Возможно, если бы он жил в городе, все сложилось бы иначе. Возможно, если бы он чаще встречался с людьми, то нашел бы кого-нибудь. Но фермы в здешних местах стояли неблизко, а от одной до другой — никакого жилья, кроме хибарок испольщиков. Весной и летом работы невпроворот, только и передышки что неделя-другая в августе, пока зреет хлопок. Ну а как подошло время приняться за сбор хлопка, тут уж Уильям не отлучался ни на шаг, даже по воскресеньям, пока все не свезут на очистительную машину. Потом, глядишь, поспела кукуруза, за ней — табак, а там и прохладные осенние дни наступили, пора варить патоку. И, наконец, — убой скота. Когда вся мелюзга разживется свинячьими пузырями для забавы, когда в холодном воздухе заблагоухают коптильни, тогда с работой на этот год покончено. Зима — самое время для веселья; только и забот, что приглядеть за рубкой леса, но зимы в этих краях короткие, и Уильям Хауленд так и не сыскал себе жены.

Потихоньку катились годы, и подрастала дочь Уильяма, Абигейл. В ней не было ни капли сходства с матерью, словно та ничего не дала ей своего — настолько девочка походила на отца. Не бог весть как хороша собой, зато смышленая, веселая, с легким нравом. И с интересом ко всему на свете. Школьницей она заставила отца выписать «Нью-Йорк Трибюн», хотя он долго ворчал, что в дом и так каждую неделю приходят три газеты: местный «Леджер», «Кларион» из Мобила и «Атланта Конститьюшн».
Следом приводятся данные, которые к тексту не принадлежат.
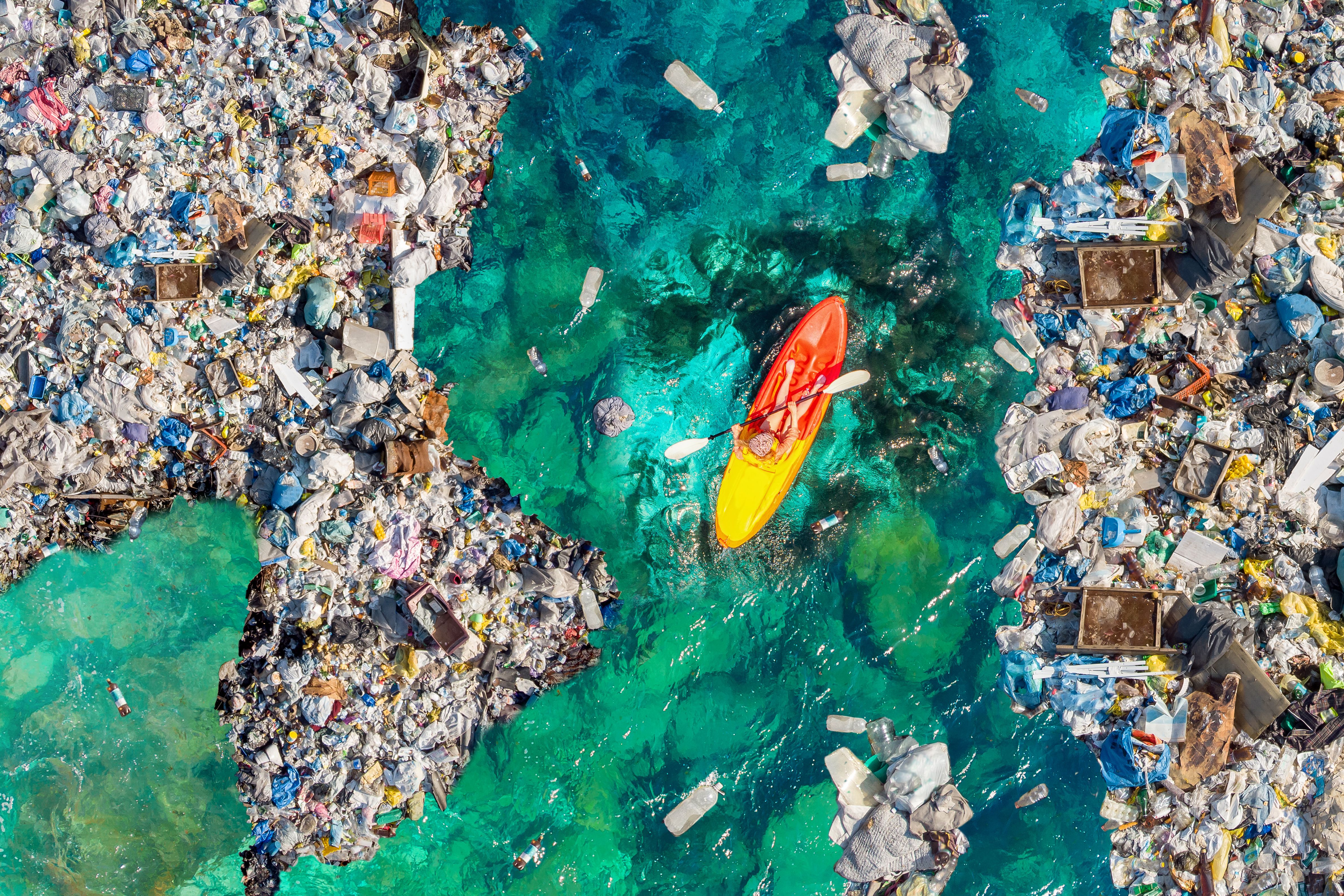Kayak boat boat moves through garbage, garbage and plastic in the sea of blue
Он уступил, разумеется: он ей во всем уступал.

— Абигейл, — сказал он, — надеюсь, у них там хватит соображения завернуть во что-нибудь эту газету, да поплотней, а то разговорам конца не будет!
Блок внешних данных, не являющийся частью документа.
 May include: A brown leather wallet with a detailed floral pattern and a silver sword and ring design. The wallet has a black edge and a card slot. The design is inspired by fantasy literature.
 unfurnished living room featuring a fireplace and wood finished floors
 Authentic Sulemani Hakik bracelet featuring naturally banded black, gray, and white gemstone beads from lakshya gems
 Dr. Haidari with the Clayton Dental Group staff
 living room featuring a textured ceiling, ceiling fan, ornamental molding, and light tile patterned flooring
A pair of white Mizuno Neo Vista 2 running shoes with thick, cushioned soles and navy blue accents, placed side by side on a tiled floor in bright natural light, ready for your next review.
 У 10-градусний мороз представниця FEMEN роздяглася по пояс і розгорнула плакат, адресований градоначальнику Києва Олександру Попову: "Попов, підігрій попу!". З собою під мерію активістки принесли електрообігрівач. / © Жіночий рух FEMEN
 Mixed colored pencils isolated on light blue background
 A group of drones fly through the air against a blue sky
«Трибюн» пришла в таком же виде, как прочие газеты: никакой обертки, читай, кто хочет. На дом тогда почту не доставляли и Уильям два раза в неделю ездил за ней в Мэдисон-Сити. Он любил читать и получал целый ворох всякой всячины: «Сатердей ивнинг пост», и «Кольерс», и «Нейшнл джеографик», и все, что относилось к сельской жизни. Когда прислали первый номер «Трибюн», почтмейстер Роджер Эйнсворт положил локти на прилавок и объявил:

— Ей-ей, Уильям, никак ты с ума спятил.

Местная почта помещалась на одной половине фуражной лавки Эйнсворта «Корма — Зерно», прямо так, без всякой перегородки. В то утро в лавке собралось человек шесть, тут постоянно кто-нибудь да околачивался. Заходили сыграть в шашки или просто почесать языком, погрызть жареной кукурузы и земляных орехов — на железной плите всегда стояло блюдо этой снеди. По тому, как они сидели, — примолкнув, с безучастными лицами, — нетрудно было понять, что они уже все знают и успели высказаться по этому поводу.

— Это почему же, Роджер? — спросил Уильям.

Роджер Эйнсворт шлепнул на прилавок кипу журналов и газет.

— Твои. — Он достал отложенную отдельно «Трибюн», поднял, молча показал.

— Тоже мне? — спросил Уильям.

Эйнсворт кивнул. Люди выжидающе подались вперед. Скрипнул плетеный стул, скрипнула половица. Громко щелкнула у кого-то на зубах каленая кукурузина.

— Ну и что? — сказал Уильям.

Эйнсворт объяснил:

— Вроде бы ты до сих пор не имел привычки читать, что печатают янки.

— Это дочке захотелось, — сказал Уильям. И, чтобы не получилось, будто он прячется за спиной у девчонки, прибавил громче: — Но я полагаю, что буду почитывать и сам.

Позади раздался шорох, словно все разом перевели дыхание. Уильям сгреб свою почту.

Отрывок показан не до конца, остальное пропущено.